Member of the Kansas Senate from the 24th district
- In office January 9, 2013 – January 10, 2017
- Preceded by: Pete Brungardt
- Succeeded by: Randall Hardy

Member of the Kansas House of Representatives from the 69th district
- In office January 10, 2011 – January 9, 2013
- Preceded by: Deena Horst
- Succeeded by: J. R. Claeys

Personal details
- Born: February 6, 1952 (age 74) El Paso, Texas, U.S.
- Party: Republican
- Spouse: Beth Arpke
- Children: 5
- Education: Florida State University
- Profession: Travel agent, consultant

= Tom Arpke =

American politician

Tom Arpke (born February 6, 1952) is a former Republican member of the Kansas Senate, representing the 24th district from 2013 to 2017. The American Conservative Union gave him a lifetime rating of 84%.

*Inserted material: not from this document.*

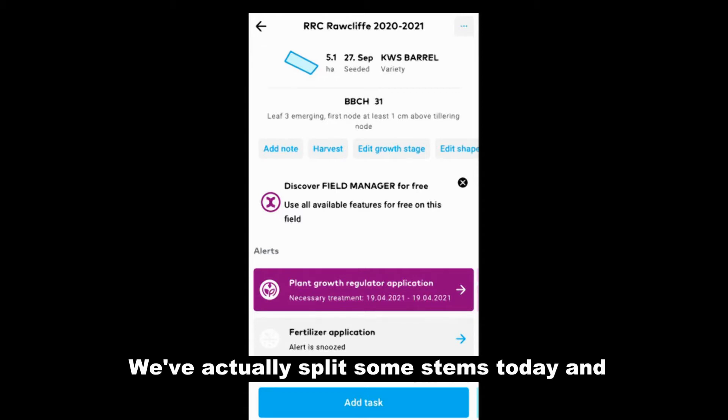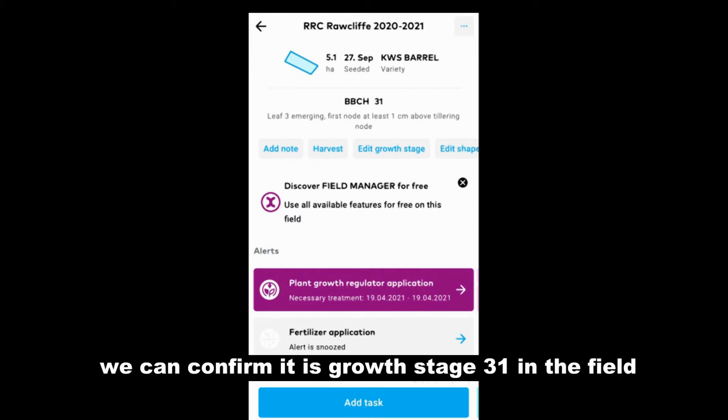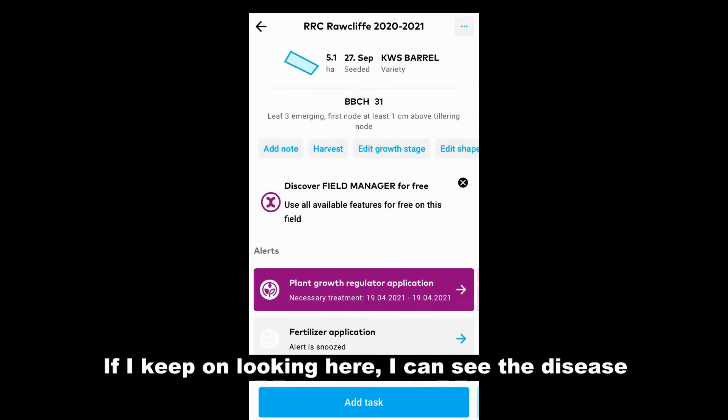We've actually split some stems today and we can confirm it's growth stage 31 in the field.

Arpke is a Salina travel agent and consultant, and holds a Bachelor of Science degree in microbiology from Florida State University. He and his wife, Beth, have five children including Kellan Arpke, who is a Lieutenant in the United States Navy. Arpke was elected to the Kansas House in 2010 and filed for the Senate race in 2012.

==Elections==

===2009===
Arpke was elected to the Salina city commission in 2009, receiving a total of 2,386 votes, winning by 332.

===2010===
Arpke defeated incumbent Deena Horst in the House District 69 Republican primary on August 3, 2010 by a margin of 1,205-898. Horst was seeking her ninth term. He defeated Gerrett Morris (D) in the general election on November 2, 2010, by 3,733 to 2,106 votes.

===2012===
Arpke defeated incumbent Pete Brungardt in the Republican Senate primary on August 7, 2012 by a 5,413-4,354 margin. He defeated Democratic nominee Janice Norlin in the 2012 general election.

===2016===
Arpke lost the Republican primary to Randall R. Hardy, when he ran for reelection to the state senate.

==Committee assignments==
Sen. Arpke served on these legislative committees:
- Ways and Means
- Education (vice-chairman)
- Natural Resources
- Legislative Educational Planning Committee

==Major donors==
Some of the top contributors to Arpke's 2012 campaign, according to Project Vote Smart:
- Kansas Chamber of Commerce, $2,818
- Koch Industries, $2,000
- American Freedom PAC, $2,000

In addition, a number of contributors gave $1,000 each.